Task directions = Below are lines of data; restate word for word those running from the line containing "Mercedes E Class" to the line containing "Debat Kandidat Pilkada", inclusive, and no others.

Data extracted from a collection =
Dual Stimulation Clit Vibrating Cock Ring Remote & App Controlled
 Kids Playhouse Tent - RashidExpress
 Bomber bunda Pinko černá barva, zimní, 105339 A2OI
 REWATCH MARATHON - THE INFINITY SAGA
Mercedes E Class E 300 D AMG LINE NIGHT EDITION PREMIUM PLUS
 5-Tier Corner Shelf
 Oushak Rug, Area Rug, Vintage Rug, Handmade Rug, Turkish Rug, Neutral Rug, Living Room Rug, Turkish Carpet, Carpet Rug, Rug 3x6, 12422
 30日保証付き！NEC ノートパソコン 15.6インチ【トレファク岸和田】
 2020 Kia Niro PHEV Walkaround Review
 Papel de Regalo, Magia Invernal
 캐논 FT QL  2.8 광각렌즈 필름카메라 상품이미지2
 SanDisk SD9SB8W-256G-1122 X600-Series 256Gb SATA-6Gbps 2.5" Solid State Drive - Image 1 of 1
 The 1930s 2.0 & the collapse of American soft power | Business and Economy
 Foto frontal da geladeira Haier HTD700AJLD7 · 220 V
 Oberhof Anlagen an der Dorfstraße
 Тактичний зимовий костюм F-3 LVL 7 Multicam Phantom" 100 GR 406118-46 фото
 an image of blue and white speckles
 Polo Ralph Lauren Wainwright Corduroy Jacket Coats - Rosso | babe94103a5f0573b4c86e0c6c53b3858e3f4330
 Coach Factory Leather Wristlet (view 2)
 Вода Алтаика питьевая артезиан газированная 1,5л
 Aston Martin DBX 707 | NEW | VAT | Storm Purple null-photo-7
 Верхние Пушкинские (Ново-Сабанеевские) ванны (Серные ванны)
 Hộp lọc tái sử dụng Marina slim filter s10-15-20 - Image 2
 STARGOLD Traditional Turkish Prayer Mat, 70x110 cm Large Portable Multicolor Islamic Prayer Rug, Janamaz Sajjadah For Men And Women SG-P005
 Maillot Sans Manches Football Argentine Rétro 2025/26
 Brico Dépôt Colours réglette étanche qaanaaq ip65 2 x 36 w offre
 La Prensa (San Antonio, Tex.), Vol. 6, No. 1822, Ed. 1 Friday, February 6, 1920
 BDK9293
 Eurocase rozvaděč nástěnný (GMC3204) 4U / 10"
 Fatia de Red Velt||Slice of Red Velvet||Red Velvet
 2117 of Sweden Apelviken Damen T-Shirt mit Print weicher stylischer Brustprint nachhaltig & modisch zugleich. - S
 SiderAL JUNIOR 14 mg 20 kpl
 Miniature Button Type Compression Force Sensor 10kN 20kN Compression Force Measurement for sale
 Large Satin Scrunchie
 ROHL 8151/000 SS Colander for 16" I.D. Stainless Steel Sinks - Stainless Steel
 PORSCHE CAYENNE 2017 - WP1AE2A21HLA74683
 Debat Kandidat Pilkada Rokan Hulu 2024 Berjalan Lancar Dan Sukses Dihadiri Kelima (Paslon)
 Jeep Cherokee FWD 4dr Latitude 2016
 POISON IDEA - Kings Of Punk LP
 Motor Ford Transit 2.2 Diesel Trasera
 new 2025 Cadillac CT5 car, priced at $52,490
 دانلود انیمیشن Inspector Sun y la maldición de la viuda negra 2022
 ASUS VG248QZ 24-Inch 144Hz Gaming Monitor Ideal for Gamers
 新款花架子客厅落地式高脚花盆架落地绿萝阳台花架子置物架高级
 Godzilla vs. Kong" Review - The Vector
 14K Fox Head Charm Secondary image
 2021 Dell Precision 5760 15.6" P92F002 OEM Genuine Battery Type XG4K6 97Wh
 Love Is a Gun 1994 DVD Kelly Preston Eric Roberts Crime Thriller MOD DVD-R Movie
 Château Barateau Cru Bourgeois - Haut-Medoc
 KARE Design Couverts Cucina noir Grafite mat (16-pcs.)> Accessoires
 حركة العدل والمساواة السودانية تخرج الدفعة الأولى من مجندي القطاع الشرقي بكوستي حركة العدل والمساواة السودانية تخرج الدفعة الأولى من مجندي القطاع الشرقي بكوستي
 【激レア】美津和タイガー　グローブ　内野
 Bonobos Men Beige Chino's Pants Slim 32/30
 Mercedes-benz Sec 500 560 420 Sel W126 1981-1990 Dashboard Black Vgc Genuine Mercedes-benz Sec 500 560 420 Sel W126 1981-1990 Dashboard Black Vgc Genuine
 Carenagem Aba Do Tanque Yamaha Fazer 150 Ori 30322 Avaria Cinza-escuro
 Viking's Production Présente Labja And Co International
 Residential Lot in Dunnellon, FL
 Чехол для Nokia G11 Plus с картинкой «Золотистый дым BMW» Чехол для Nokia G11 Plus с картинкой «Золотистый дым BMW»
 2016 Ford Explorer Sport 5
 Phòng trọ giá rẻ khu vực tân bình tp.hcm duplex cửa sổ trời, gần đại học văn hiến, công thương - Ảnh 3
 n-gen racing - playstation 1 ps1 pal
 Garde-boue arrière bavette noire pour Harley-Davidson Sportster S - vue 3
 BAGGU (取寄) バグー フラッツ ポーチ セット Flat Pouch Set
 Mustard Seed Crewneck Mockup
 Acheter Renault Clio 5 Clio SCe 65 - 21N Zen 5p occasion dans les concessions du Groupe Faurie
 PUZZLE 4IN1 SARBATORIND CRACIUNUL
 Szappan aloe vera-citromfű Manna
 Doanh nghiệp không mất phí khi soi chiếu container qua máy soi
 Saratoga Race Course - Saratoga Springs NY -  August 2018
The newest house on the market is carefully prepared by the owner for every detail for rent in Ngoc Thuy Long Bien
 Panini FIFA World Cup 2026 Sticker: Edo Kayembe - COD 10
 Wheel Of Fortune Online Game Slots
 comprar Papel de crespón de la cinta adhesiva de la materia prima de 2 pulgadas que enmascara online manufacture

Exercise response =
Mercedes E Class E 300 D AMG LINE NIGHT EDITION PREMIUM PLUS
 5-Tier Corner Shelf
 Oushak Rug, Area Rug, Vintage Rug, Handmade Rug, Turkish Rug, Neutral Rug, Living Room Rug, Turkish Carpet, Carpet Rug, Rug 3x6, 12422
 30日保証付き！NEC ノートパソコン 15.6インチ【トレファク岸和田】
 2020 Kia Niro PHEV Walkaround Review
 Papel de Regalo, Magia Invernal
 캐논 FT QL  2.8 광각렌즈 필름카메라 상품이미지2
 SanDisk SD9SB8W-256G-1122 X600-Series 256Gb SATA-6Gbps 2.5" Solid State Drive - Image 1 of 1
 The 1930s 2.0 & the collapse of American soft power | Business and Economy
 Foto frontal da geladeira Haier HTD700AJLD7 · 220 V
 Oberhof Anlagen an der Dorfstraße
 Тактичний зимовий костюм F-3 LVL 7 Multicam Phantom" 100 GR 406118-46 фото
 an image of blue and white speckles
 Polo Ralph Lauren Wainwright Corduroy Jacket Coats - Rosso | babe94103a5f0573b4c86e0c6c53b3858e3f4330
 Coach Factory Leather Wristlet (view 2)
 Вода Алтаика питьевая артезиан газированная 1,5л
 Aston Martin DBX 707 | NEW | VAT | Storm Purple null-photo-7
 Верхние Пушкинские (Ново-Сабанеевские) ванны (Серные ванны)
 Hộp lọc tái sử dụng Marina slim filter s10-15-20 - Image 2
 STARGOLD Traditional Turkish Prayer Mat, 70x110 cm Large Portable Multicolor Islamic Prayer Rug, Janamaz Sajjadah For Men And Women SG-P005
 Maillot Sans Manches Football Argentine Rétro 2025/26
 Brico Dépôt Colours réglette étanche qaanaaq ip65 2 x 36 w offre
 La Prensa (San Antonio, Tex.), Vol. 6, No. 1822, Ed. 1 Friday, February 6, 1920
 BDK9293
 Eurocase rozvaděč nástěnný (GMC3204) 4U / 10"
 Fatia de Red Velt||Slice of Red Velvet||Red Velvet
 2117 of Sweden Apelviken Damen T-Shirt mit Print weicher stylischer Brustprint nachhaltig & modisch zugleich. - S
 SiderAL JUNIOR 14 mg 20 kpl
 Miniature Button Type Compression Force Sensor 10kN 20kN Compression Force Measurement for sale
 Large Satin Scrunchie
 ROHL 8151/000 SS Colander for 16" I.D. Stainless Steel Sinks - Stainless Steel
 PORSCHE CAYENNE 2017 - WP1AE2A21HLA74683
 Debat Kandidat Pilkada Rokan Hulu 2024 Berjalan Lancar Dan Sukses Dihadiri Kelima (Paslon)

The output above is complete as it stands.